Digital Transformation - Modern DB
Tech Debt also lives in the database! I've done a MRP transformation a few years ago, and one of the shocking things was the huge amount of totally invalid data that should have never got into the database. Of course I'm a firm believer in testing with a copy of full production data, to find such the sediment that will cause issues when things go to production. So how do you really get a database transformed from the old to the new?
First, where are we comings from? What db is used, and what is the schema for that data. A test environment will need to be created with the original data, and the schema needs to be extracted. and the data. In my case, the db was proprietary, so I had to contact the company and get a library that would let me access the data. Since the db was "ancient", there was no modern support for it, so I had to do a minimal driver for it. Now we need to transform the data into a new db, preferably something that is more current.
One of the concepts that I love for data migration/transformation is the concept of ORM and Migrations. This is a Ruby On Rails concept originally, and works really well. a Object Relationship Manager gives standard semantics to a underlying db, and allows code to be independent of db. Literally you could use sqlite for test, and oracle or postgres for production. In today's environment I would use golang and a framework called Buffalo, which includes "fizz". Fizz is a Domain Specific Language for migrating databases,. It tries to be as database-agnostic as possible and simplify the conversion, change and modification of data. Effectively it gives us a easy way of "scripting" database transformations.
Now the next problem was getting all the tables and everything into the "fizz" files we need to recreate the tables in the new system. For me, I was transforming a production application that had been in use for more than 10 years with a large number of tables. So ideally for this component I would write a bit of golang that reads the schema of the original db, and creates fizz files that would allow the recreation of the db in any db supported by the framework. This also gives us a bit of future proofing our db choices. As once we have our fizz files, we could change the target db with little to no pain.

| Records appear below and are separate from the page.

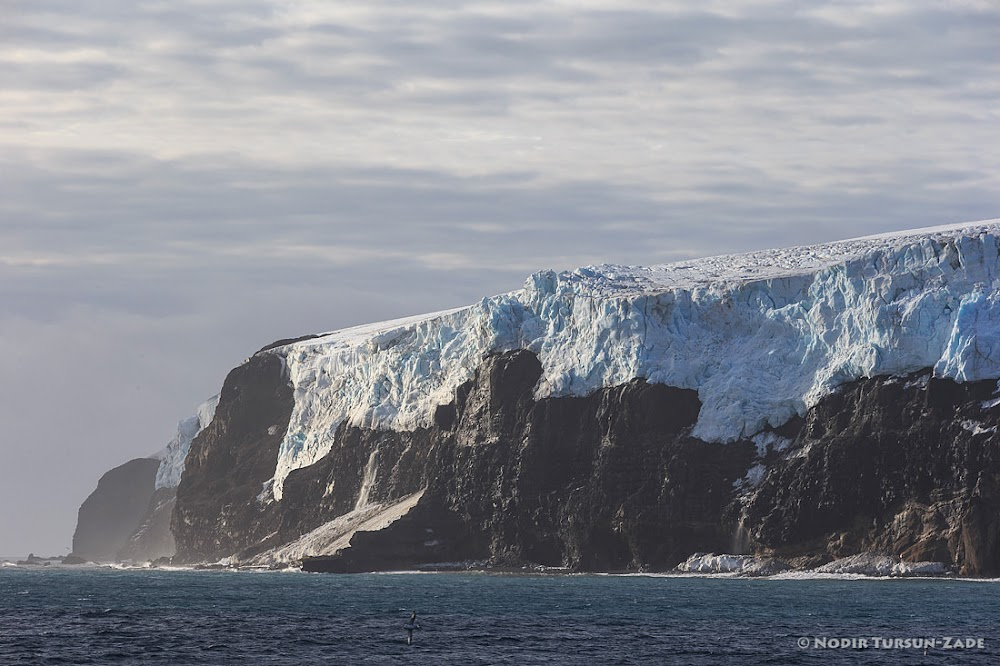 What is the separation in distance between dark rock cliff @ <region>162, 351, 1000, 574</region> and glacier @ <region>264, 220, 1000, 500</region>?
173 centimetres

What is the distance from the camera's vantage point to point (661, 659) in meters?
71.1

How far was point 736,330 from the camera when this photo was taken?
142875mm

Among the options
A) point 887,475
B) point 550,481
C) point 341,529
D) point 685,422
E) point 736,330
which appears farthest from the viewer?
point 341,529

Next choice is, what db do we use? The intention would be to use something that would work in a Kubernetes or OpenShift environment, that could scale horizontally and vertically, and would support a modern cloud native environment. It should also support todays SSD and memories sizes and really be able to handle the level of performance that is needed. Traditional solutions just do not offer the level of scalability that is needed for modern applications, and will incur a huge amount of technical debt right from the start. So the better solution is to choose a cloud native solution as our target. NUODB is already integrated with OpenShift, and gives us SQL and ACID compliant transactions, fully redundancy and scalable. So in my 2020 Technical vision using NUODB really solves a huge number of problems.
So now we have the migration tools, the source and the target, there a few more points. One of the most important is to make sure we can run the migration multiple times, and it not cause corruption of data. In my own experience migrations can take a huge amount of time to run, and you will often want or have to restart them due to issues of bad input data. So in designing your transformation, error recovery and restart is very important element.
During this transformation, the other area to be concerned on, it matching the hardware runtime environment for the new infrastructure to match the current industry standards. While this could be a log article by itself, modern db's can use huge ram footprints, and Pci Express based SSD's to offer huge performance. In a OpenShift environment it may be worthwhile to have nodes that are configured for databases, and tagged for that application. This could allow your production db pods to run significantly better.
The DB is one of the important layers in moving to a 2020 cloud native environment, also looking at the api's, the framework, and the total flow of the app, and where is runs are additional parts of the total solution. Also making sure we get the most done in the least time. (Agile/Scrum) is equally important.
I will explore these elements further in coming articles.